===== Exercise input =====

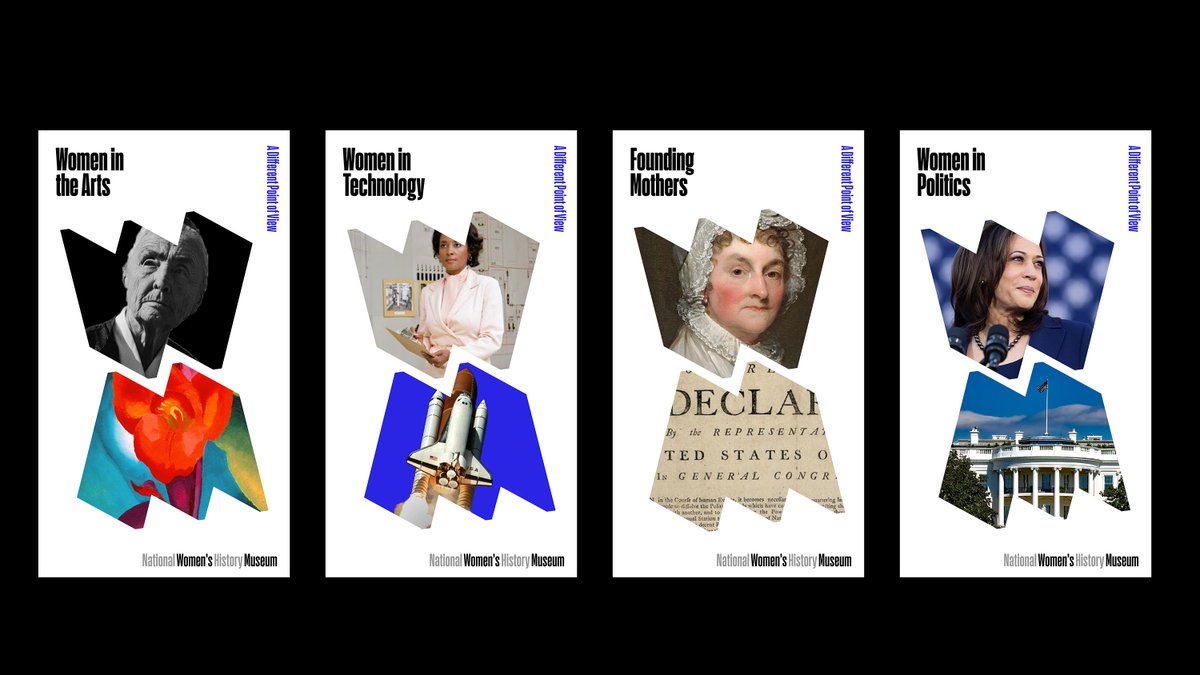 pentagram's tweet photo. #PaulaScher designs new brand identity for the National Women's History Museum, the online cultural institution dedicated to telling the stories of the women who have transformed the US @womenshistory #WomensHistoryMonth https://t.co/PuXcyV9hVv https://t.co/bYo980p3Lh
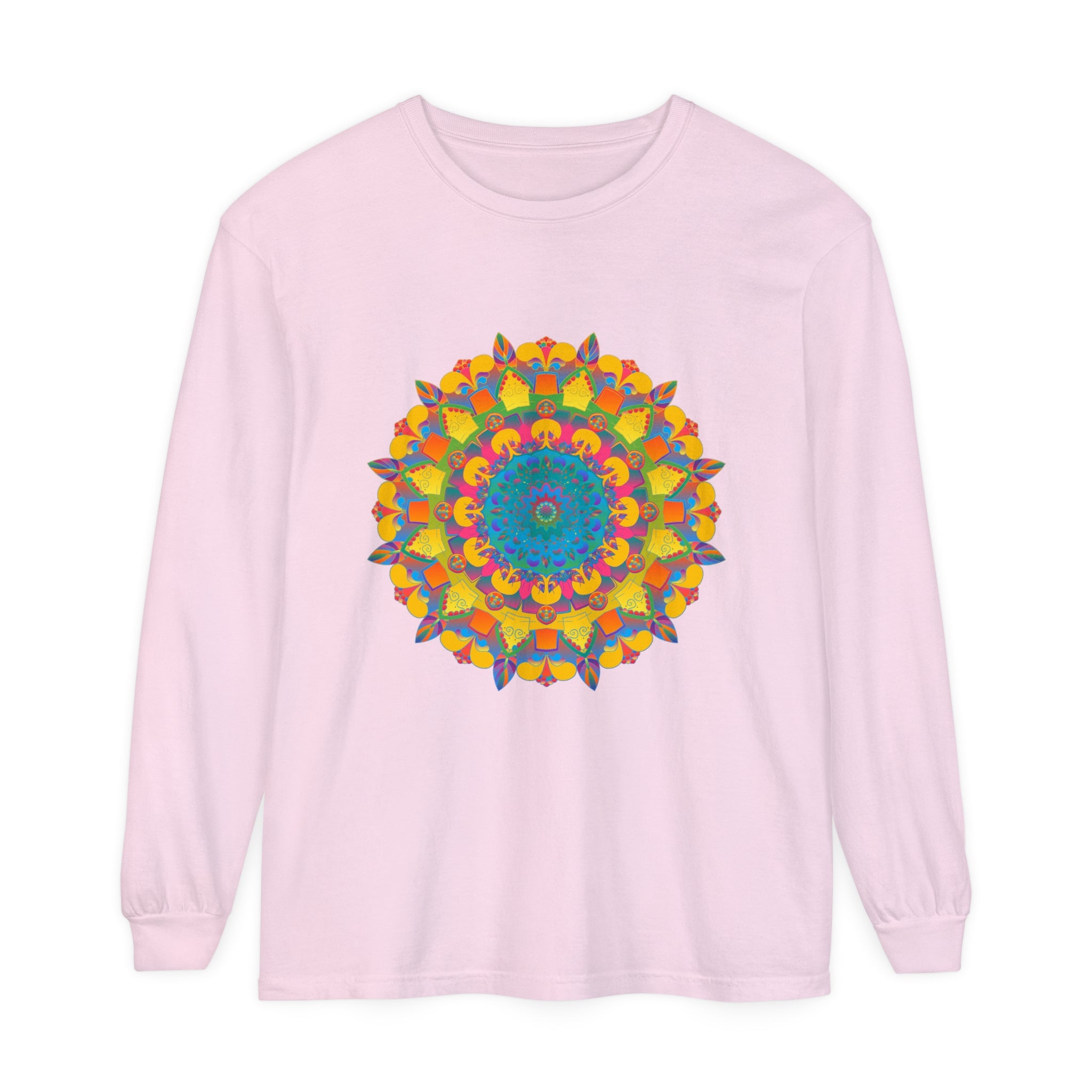 Colorful and intricate mandala design featured on vibrant unisex long sleeve t-shirt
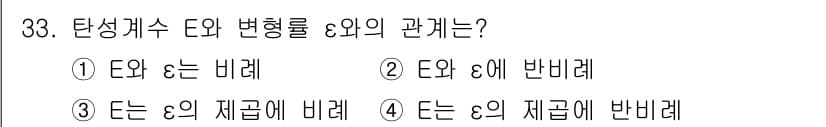 전기철도기사 2020년 33번 - 탄성계수 \( E \)와 변형률 \( \epsilon \)의 관계는 비례... 에 관한 핵심 기출문제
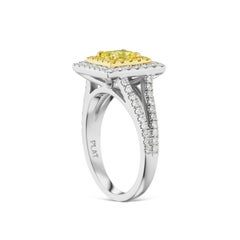 Fancy Intense Yellow .60ct Princess Cut Conflict Free GIA Diamond Plat & 18kt.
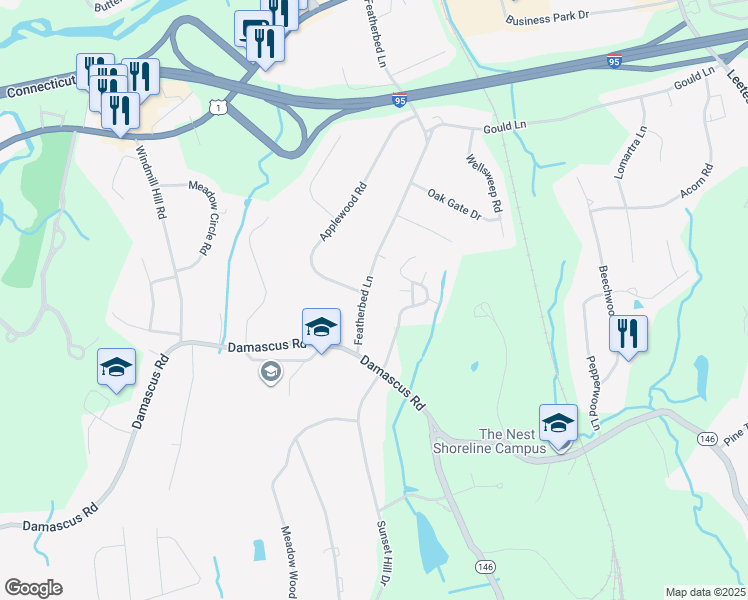 map of restaurants, bars, coffee shops, grocery stores, and more near 8 Hunting Ridge Farms Road in Branford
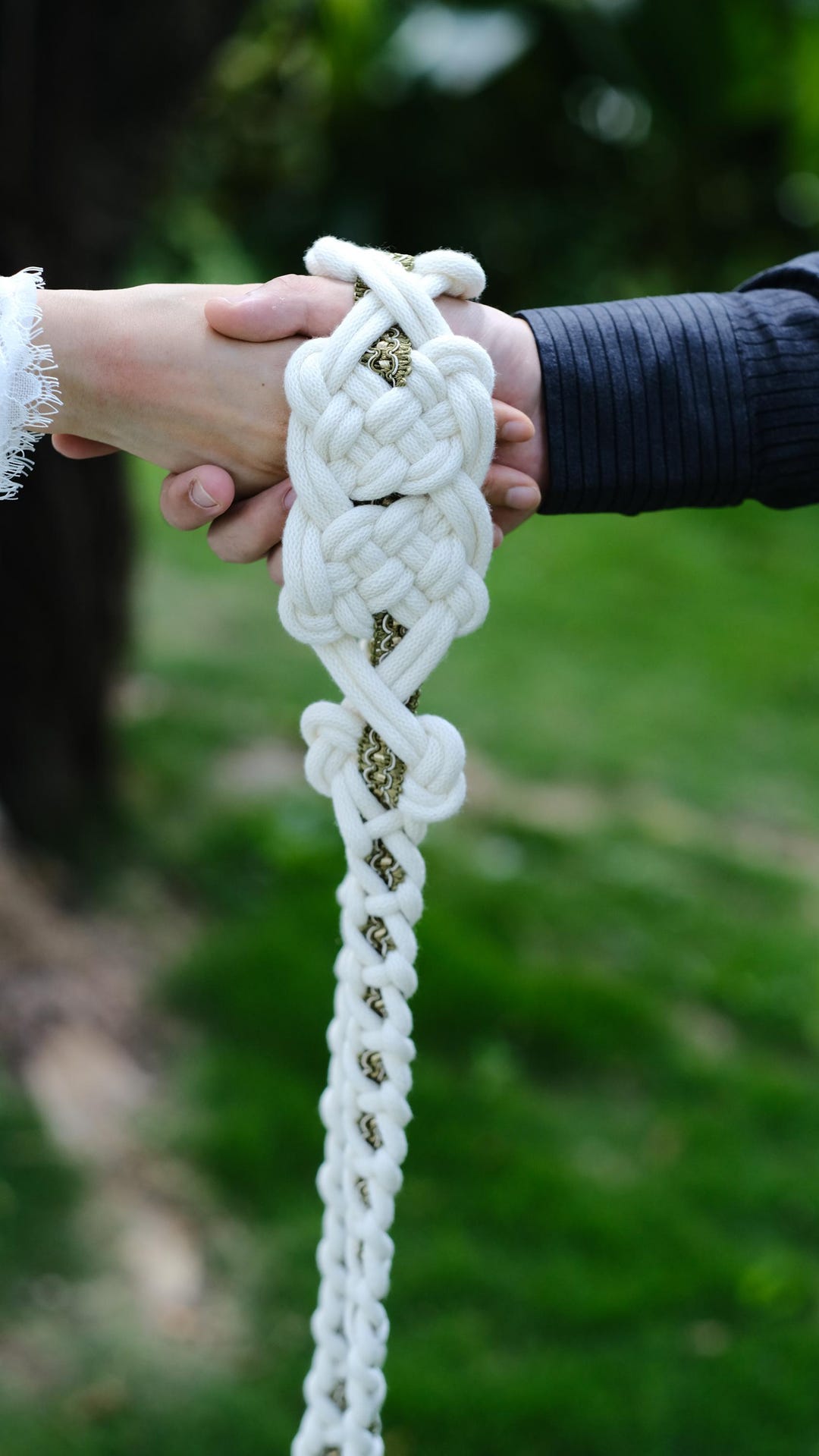 Custom Braided Handfasting Cord: Celtic Knot, White Rope & Antique Gold ...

=====

Transcribe exactly the lines from the one holding "전기철도기사 2020년 33번" through the final line of the material above, both ends included; any pictures should be dropped.

 전기철도기사 2020년 33번 - 탄성계수 \( E \)와 변형률 \( \epsilon \)의 관계는 비례... 에 관한 핵심 기출문제
 Fancy Intense Yellow .60ct Princess Cut Conflict Free GIA Diamond Plat & 18kt.
 map of restaurants, bars, coffee shops, grocery stores, and more near 8 Hunting Ridge Farms Road in Branford
 Custom Braided Handfasting Cord: Celtic Knot, White Rope & Antique Gold ...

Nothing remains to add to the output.